Data monetization: the conversion of data into money is possible thanks to, for example, the union between big data and IoT. The incorporation of sensors in traditionally passive objects such as wearables, cars, light bulbs, household appliances, etc., has served to provide them with intelligent capabilities. Now these objects can collect data to be sent to processing centers, thanks to an interconnected network structure that also allows them to communicate with each other and transmit, compile and analyze data. In a more simplified way, IoT is a type of technology based on the connection of everyday objects to the Internet that aggregate, exchange and process information about their physical environment, in order to provide value-added services to end users. This large amount of captured data can be reused by companies, to improve the customer experience by offering more personalized services, improvements and updates. Likewise, the application of sensors in machines and objects in industrial environments, better known as Industrial Internet of Things (IIoT), helps to identify faults at any stage of production, capable of anticipating eventualities that may compromise systems and production equipment.
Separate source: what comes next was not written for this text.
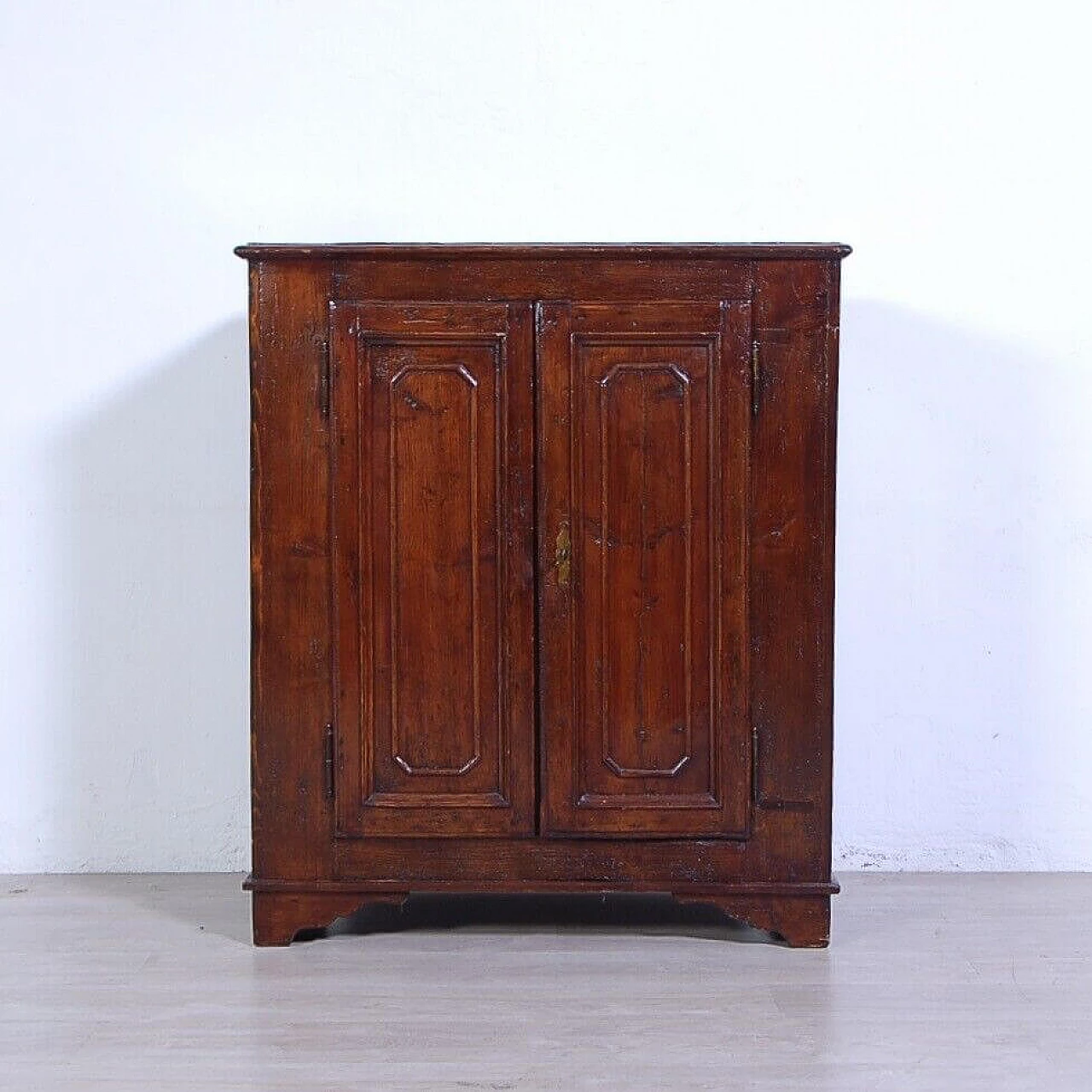 Stained spruce sideboard, first half of the 19th century 16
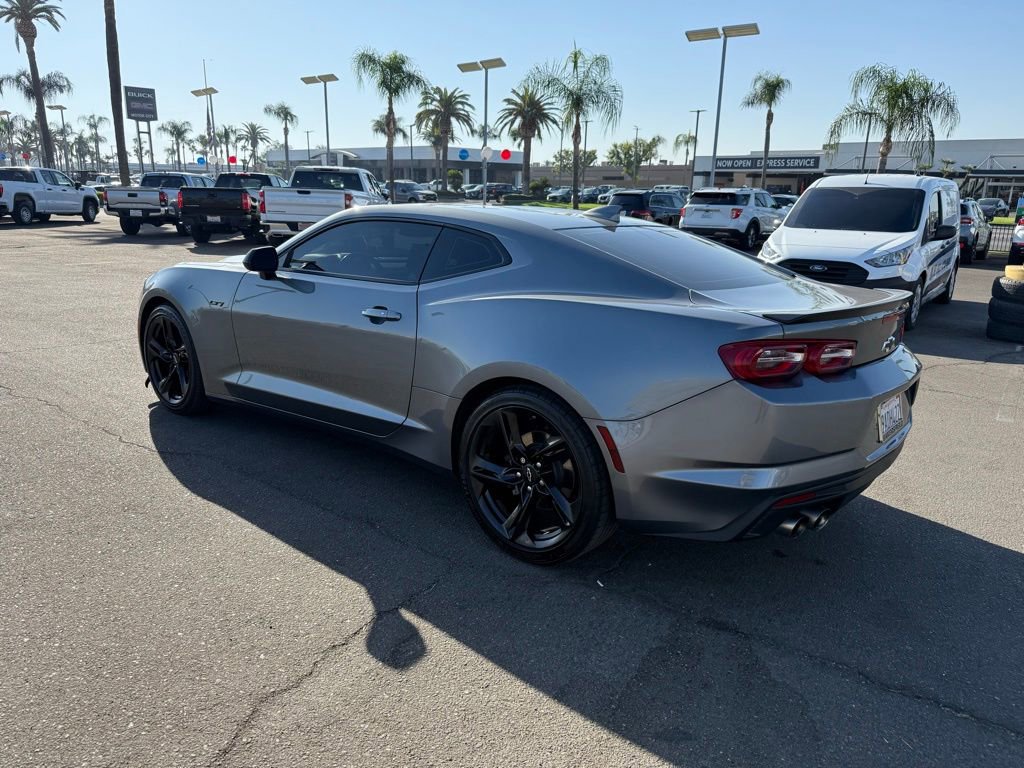 2021 Chevrolet Camaro LT1 photo 3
It also contributes to having a constant and real-time control of the critical quality factors that affect the production line.

Decision making: collecting data from customers helps companies improve the strategic decision-making process in all phases, from design, manufacturing and distribution to sales and after-sales service. The objective is to anticipate market trends and customer needs, to offer products and services with a high level of customization. This factor also includes the analysis of purchasing and consumption habits, the study of social behavior patterns at a massive level and the design of predictive models associated with the behavior of different customer profiles (consumers, voters, etc.).

Customer experience: monitoring customer experiences through any contact channel, predicting preferences, and discovering trends that make it possible to detect possible variations in the preferences of different customer segments are some examples of how data can be used to improve the consumer experience.

New business models: data collection and subsequent analysis can be used both to expand revenue streams from existing products and to create additional revenue streams from new products and services. Today we see how companies that have traditionally been associated with one sector are branching out into new sectors. Orange is a clear example of how a company based in the telecommunications sector can make the leap into the financial world, with its Orange Bank offering. Another example is the e-commerce leader Amazon, which has made its way into the technology sector with its cloud service Amazon Web Services (AWS).